# Husband hasn't held a regular job since 2008



## Barbergirl (Jul 9, 2016)

My husband and I have been together for 11 years, married 5. When we met he worked and I was working and going to college. He was laid off in 2008 and decided to go back to college as well. We both received our bachelor degrees in 2012. Since then I have opened my own business and he started a business of his own. My business has proved successful while his has not been so much. He has allowed me to take core of him financially for the last 5 years. I have overlooked this till last winter. While we were on vacation during Valentine's Day he did not get me anything or even say Happy Valentines Day. I asked him the next day why and he said "well, we are on vacation, it's that enough?" So, for the last 4 years or so I've been paying for any home repairs, vacations, clothing, dinners, and Christmas gifts for his mother and sister. I would tell him that we are not buying gifts for each other because I knew he had no money to buy gifts. Since the Valentine incident I have become very resentful and angry with him as well as my self for allowing me to " take care of hm" I did tell him how I felt a couple f weeks after our trip and things really haven't changed much except I now think I've had enough and am thinking of divorce. Any advice?


----------



## flyhigher (Jun 23, 2016)

I also think it's important that you are very clear with him about your expectations.
5 years is a long time for someone not to work; do you have children? Is he taking care of the home? Is he pulling his weight around the house? Or just mooching off you and letting you do everything?
If you've been seemly okay with him not working, it's unfair for you to be upset without telling/asking him to get back to work.
If you need support financially, you need to ask for the help; he can't read your mind.
If he doesn't help.. or doesn't start looking for work, or doesn't start contributing, that's when you can get realistic about divorce or separation.
If he does nothing productive all day, I think it's totally fair that you expect him to work, or volunteer, or SOMETHING.. even if money isn't an issue. There's nothing less attractive to me than an unmotivated, lazy person.
The Valentines Day incident is just him being lazy.. you need to make it clear that its no okay. 
Set your boundaries firmly and see how he reacts. You may be surprised. You may not. Your decision will be that much more clear either way.
Good luck!


----------



## turnera (Jan 22, 2010)

I would do three things. 

First I would tell him that I will no longer be supporting him. I will pay for what the kids need but not for him. And if he wants anything, he'll have to figure out how to pay for it. I would also tell him that I give no promises for how long I'll be willing to remain with a man who won't work.
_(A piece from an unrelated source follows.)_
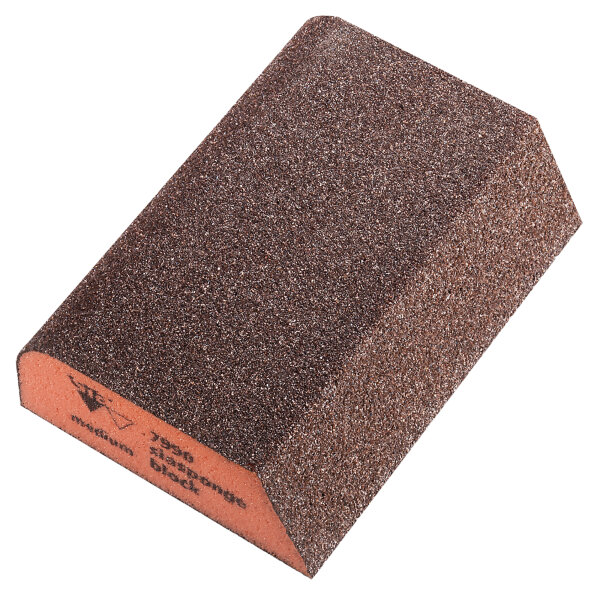 7990 Siasponge Block Medium (NG2775505)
Second I would start separating my funds legally and financially so that he can no longer touch my money. 

Third I would start a savings account and start putting money in there so that if I decided to leave him, I'd have a nest egg.


----------



## NotEasy (Apr 19, 2015)

What does he do all day? work in his business, clean the house, volunteer charity work, look for a job, study, or sit around, sleep
If he is still running his business then he does have a job, not well paying, but a job. 

Is the real problem his lazyness? or lack of money generally? or your unwillingness to share your money?
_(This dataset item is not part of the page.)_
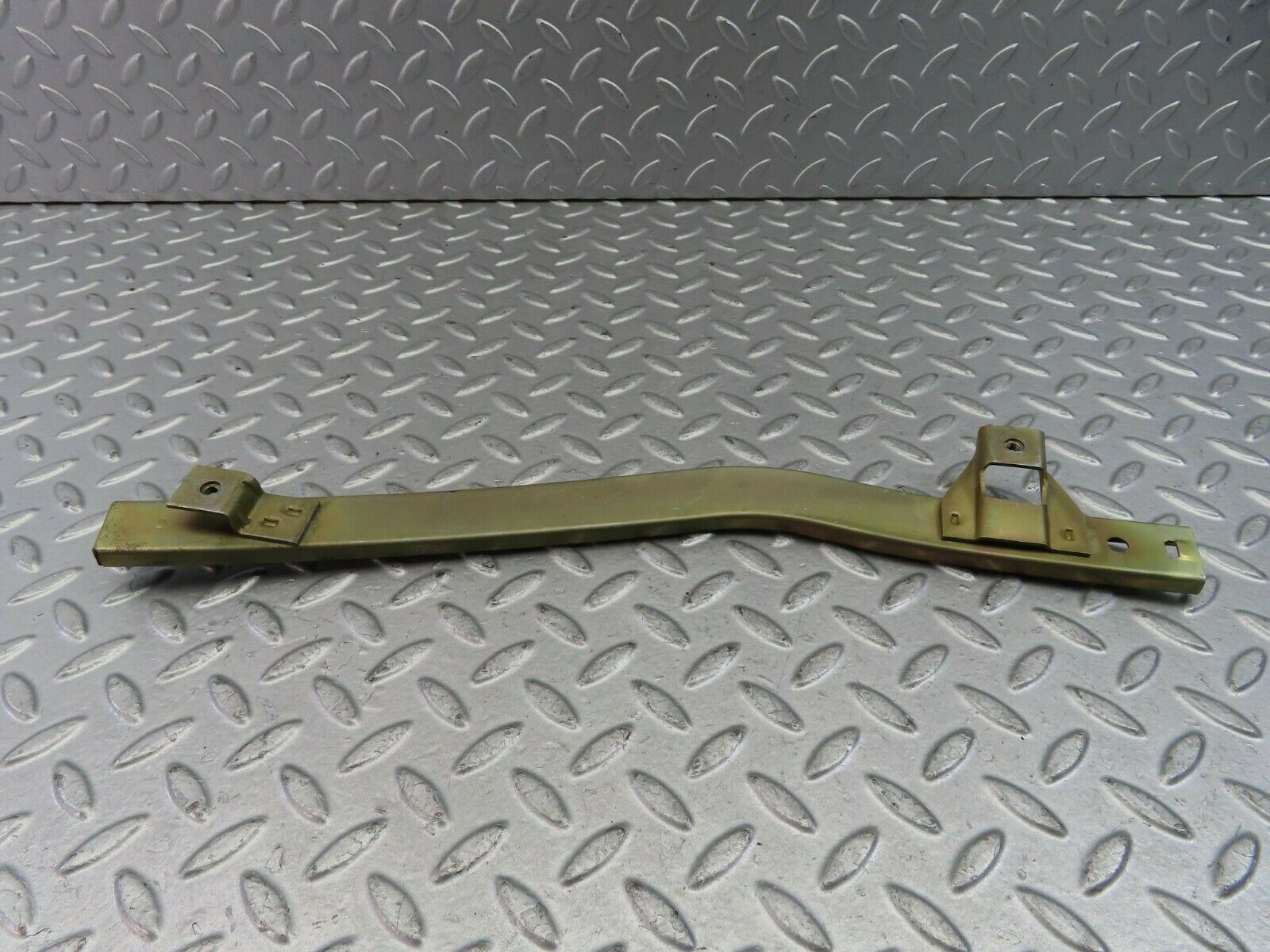 9712 Mercedes-Benz C123 280CE Coupe Window Channel Rear Right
I heard that half of all new businesses never make any profit, typically the first 2 years are spent getting started. And half of the profitable ones never make enough to pay decent wages or grow. Ideally his business is about to finally come good. Alternately his is going broke, but at least he tried. Do you know the details of his business accounts? Is the business stagnant, with no income? Is it slow starting up?

Might it be better for him to work for your business? Or combine the two businesses? Or you sub-contract work out to his business. Depends on the skills, businesses etc of course.

If you do divorce you may end up supporting him. See a lawyer about this.

Let him know you are considering divorce, assuming the first time you just said you were not happy.


----------



## Lostme (Nov 14, 2014)

My ex was lazy and wouldn't keep a job while I in turn worked my butt off and did all the house chores. Boy it sure is a lot better having a partner that works as hard as I do, and helps out around the house sometimes. Life was to stressful before.


----------



## aine (Feb 15, 2014)

flyhigher said:


> I also think it's important that you are very clear with him about your expectations.
> 5 years is a long time for someone not to work; do you have children? Is he taking care of the home? Is he pulling his weight around the house? Or just mooching off you and letting you do everything?
> If you've been seemly okay with him not working, it's unfair for you to be upset without telling/asking him to get back to work.
> If you need support financially, you need to ask for the help; he can't read your mind.
> ...


What kind of any self respecting man does this? TBH he sounds like he is good for nothing. She financially does everything, the least he could do is appreciate her. I think he needs a 2x4, really quick too.


----------



## anonmd (Oct 23, 2014)

aine said:


> What kind of any self respecting man does this? TBH he sounds like he is good for nothing. She financially does everything, the least he could do is appreciate her. I think he needs a 2x4, really quick too.


I agree with this sentiment. 

OTOH, a lawyer should be consulted. There may be spousal support owed on divorce. Switch all the "my husbands" in the story to "my wife" and see how you all feel about it. I'm just say'in <g>.


----------



## turnera (Jan 22, 2010)

What did you decide to do?


----------